Find "Leaf papaya isolated with clipping path" and "Mediterranean garden with lemon tree" in the records below. Copy the lines holding them and every line between, exactly, and no others.

■ Provided records:
· · ·

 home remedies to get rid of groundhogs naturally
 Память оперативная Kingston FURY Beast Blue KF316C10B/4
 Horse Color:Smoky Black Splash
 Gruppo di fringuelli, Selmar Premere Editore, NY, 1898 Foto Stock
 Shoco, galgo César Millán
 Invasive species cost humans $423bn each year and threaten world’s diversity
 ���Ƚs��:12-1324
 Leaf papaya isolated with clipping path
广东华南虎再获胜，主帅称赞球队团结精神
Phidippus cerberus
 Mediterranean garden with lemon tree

· · ·

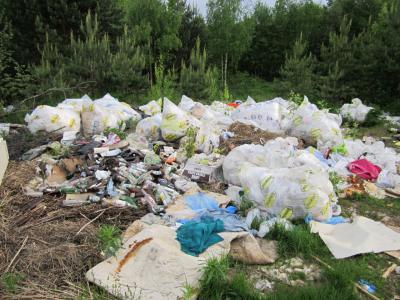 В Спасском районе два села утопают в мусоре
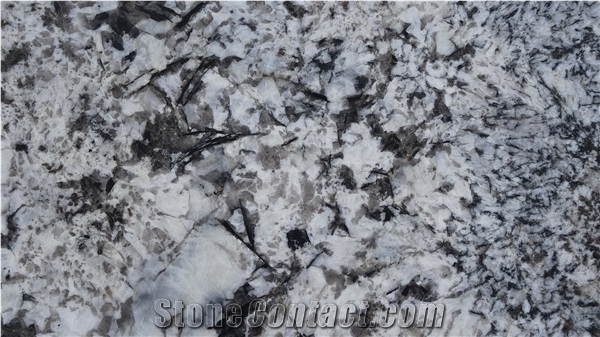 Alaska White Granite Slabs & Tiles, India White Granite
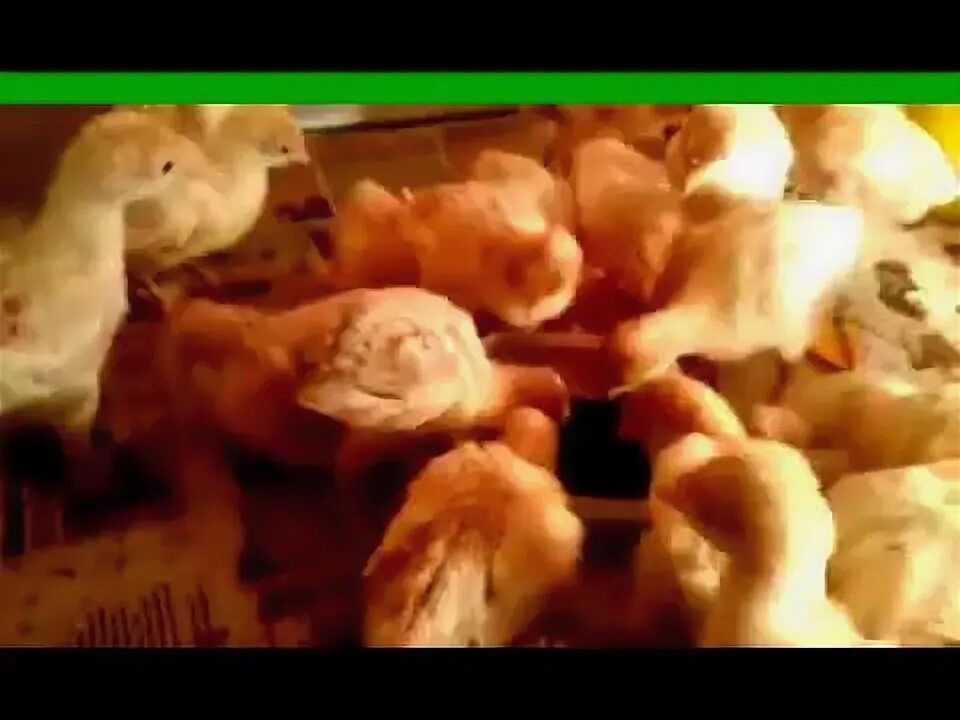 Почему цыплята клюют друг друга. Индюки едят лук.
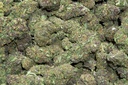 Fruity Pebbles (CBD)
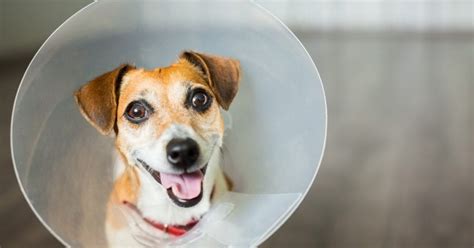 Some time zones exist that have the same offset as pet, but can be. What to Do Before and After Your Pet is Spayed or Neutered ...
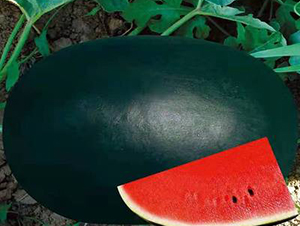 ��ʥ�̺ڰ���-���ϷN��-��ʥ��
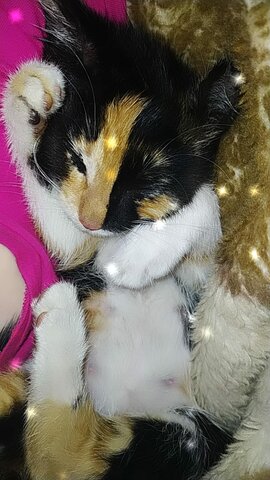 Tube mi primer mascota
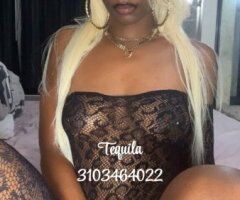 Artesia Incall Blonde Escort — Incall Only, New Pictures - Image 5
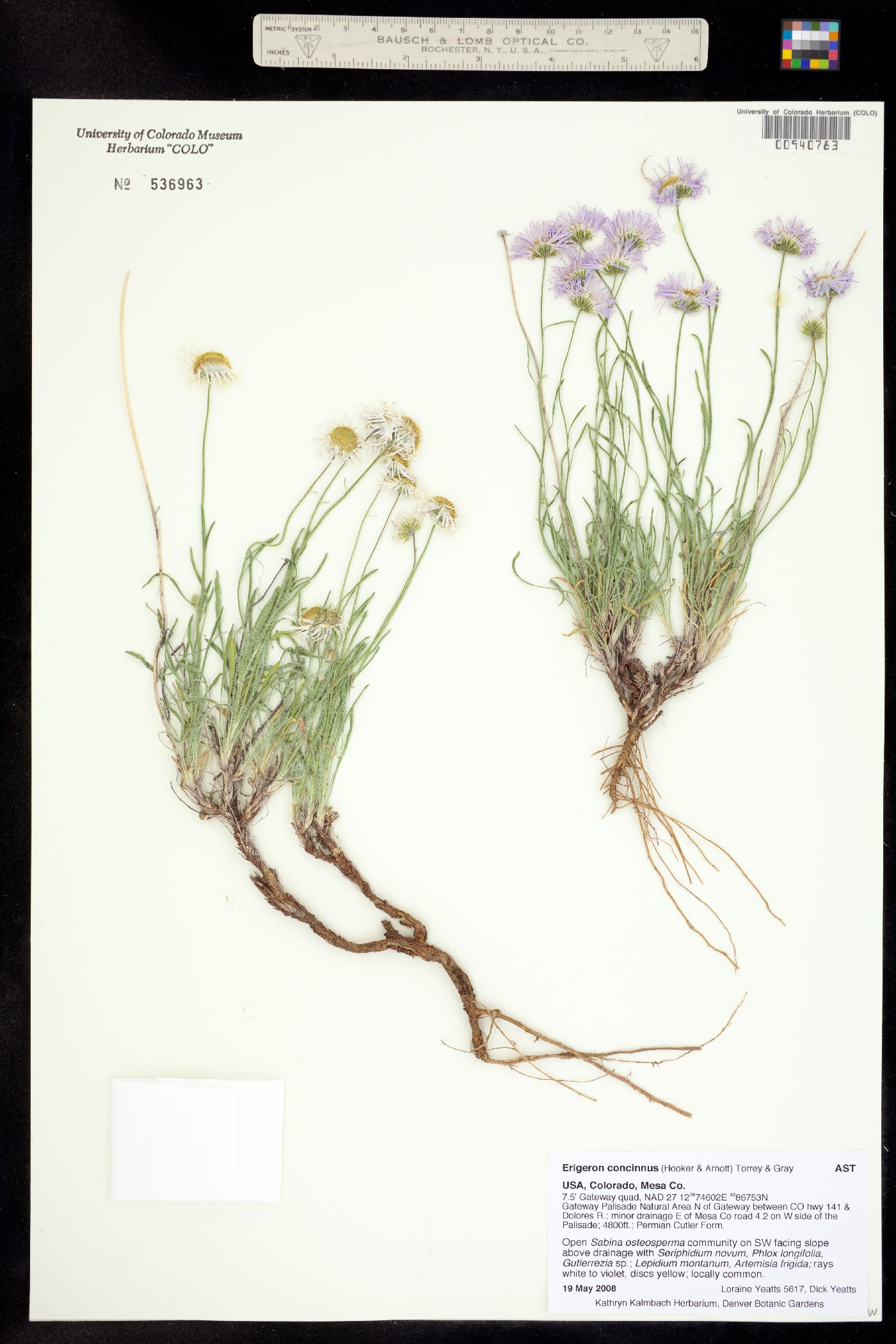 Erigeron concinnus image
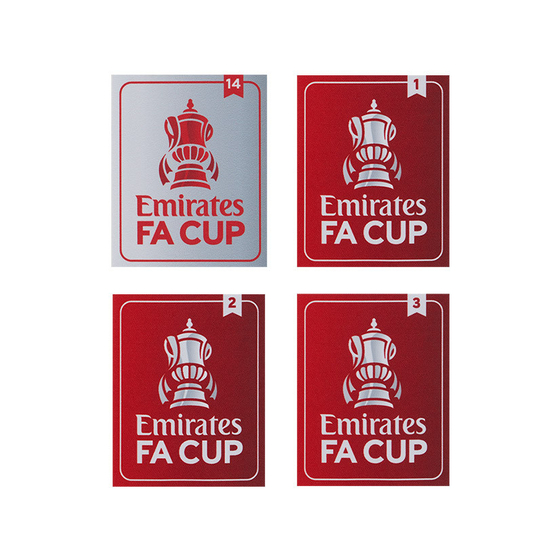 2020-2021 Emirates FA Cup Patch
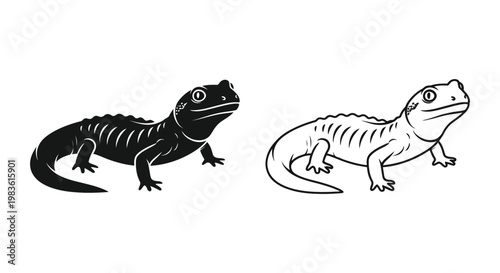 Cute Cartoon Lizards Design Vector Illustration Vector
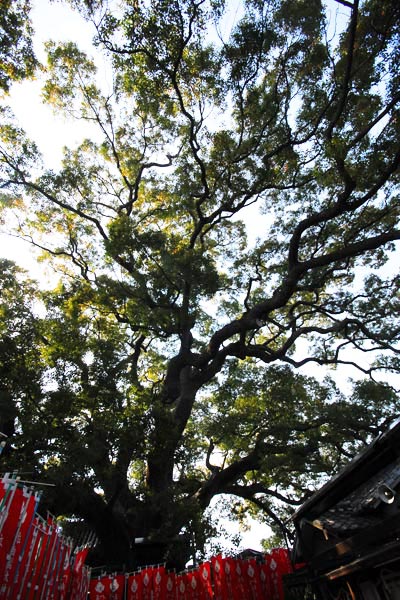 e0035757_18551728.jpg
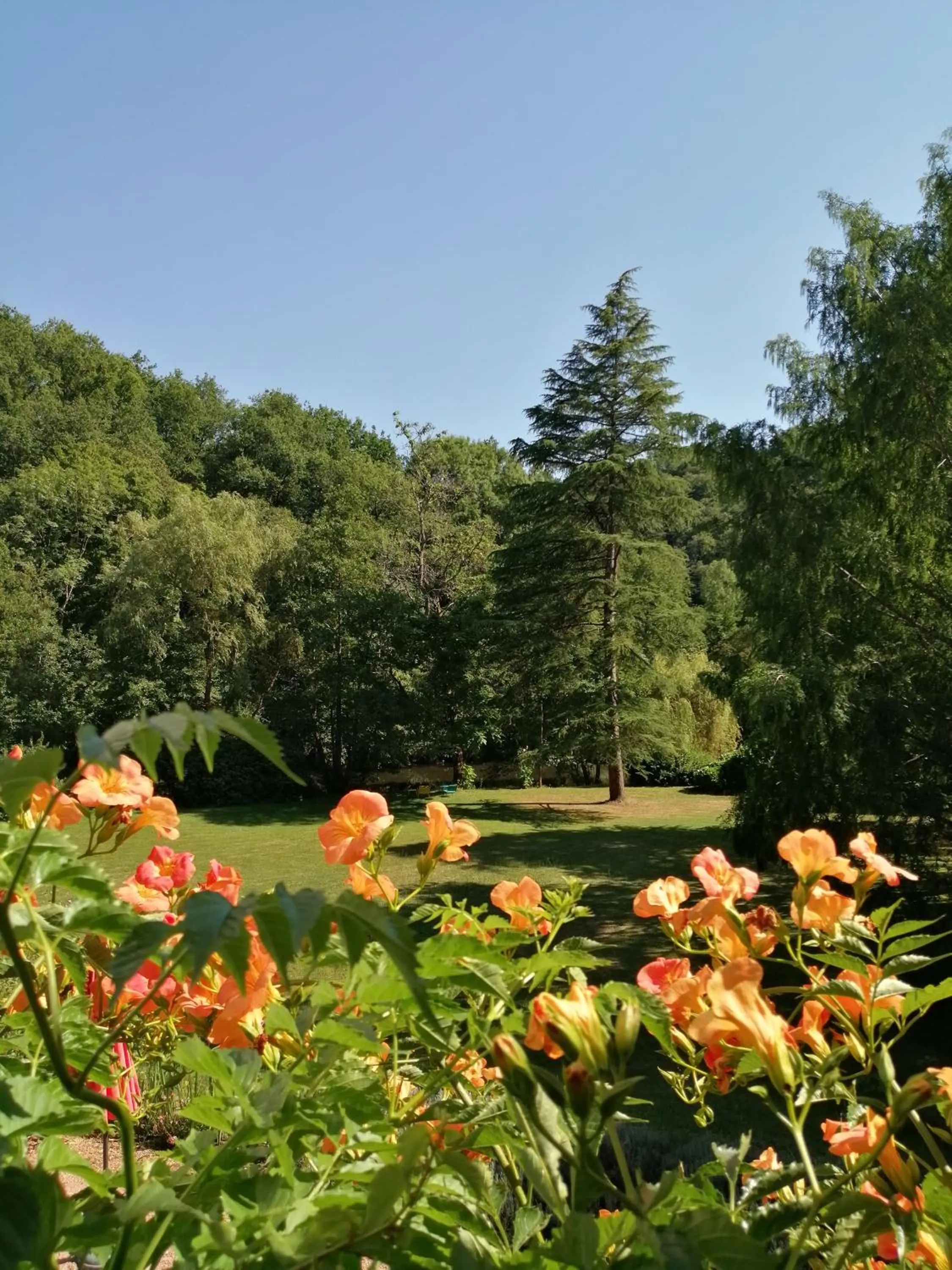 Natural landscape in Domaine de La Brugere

· · ·

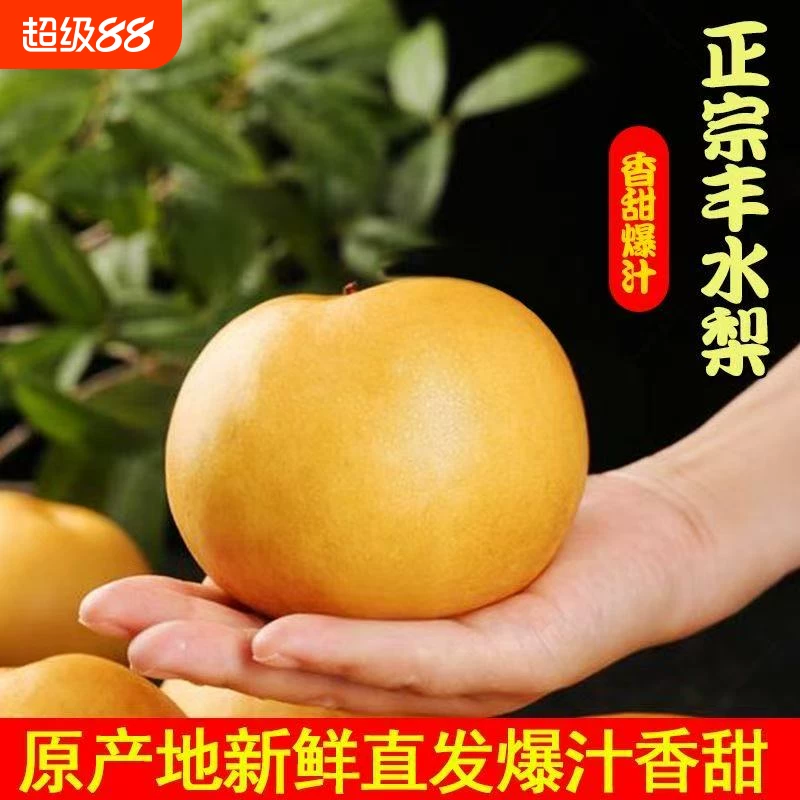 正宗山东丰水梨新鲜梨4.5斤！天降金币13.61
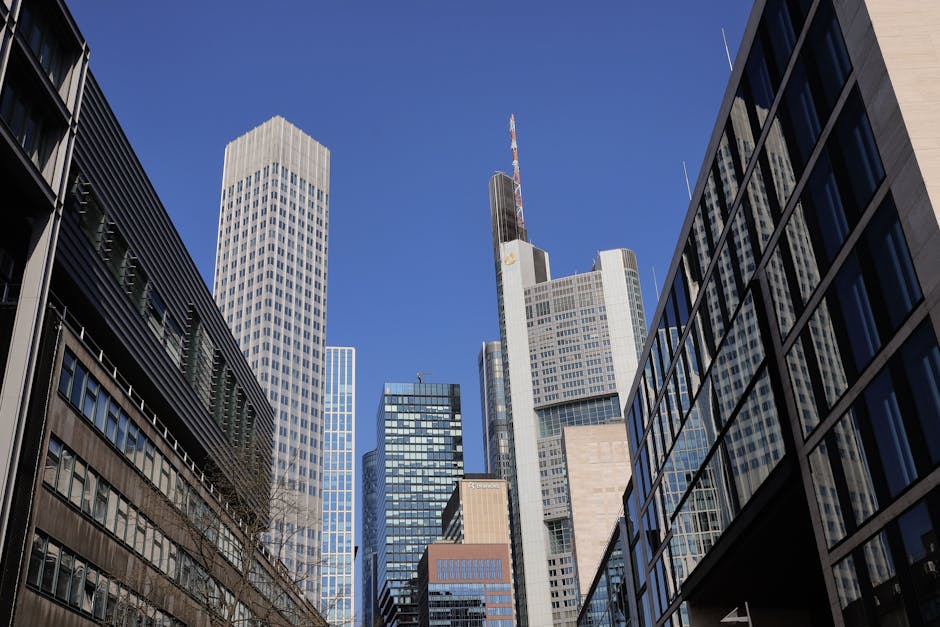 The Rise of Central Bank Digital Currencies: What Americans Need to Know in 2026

· · ·

■ Answer space:
 Leaf papaya isolated with clipping path
广东华南虎再获胜，主帅称赞球队团结精神
Phidippus cerberus
 Mediterranean garden with lemon tree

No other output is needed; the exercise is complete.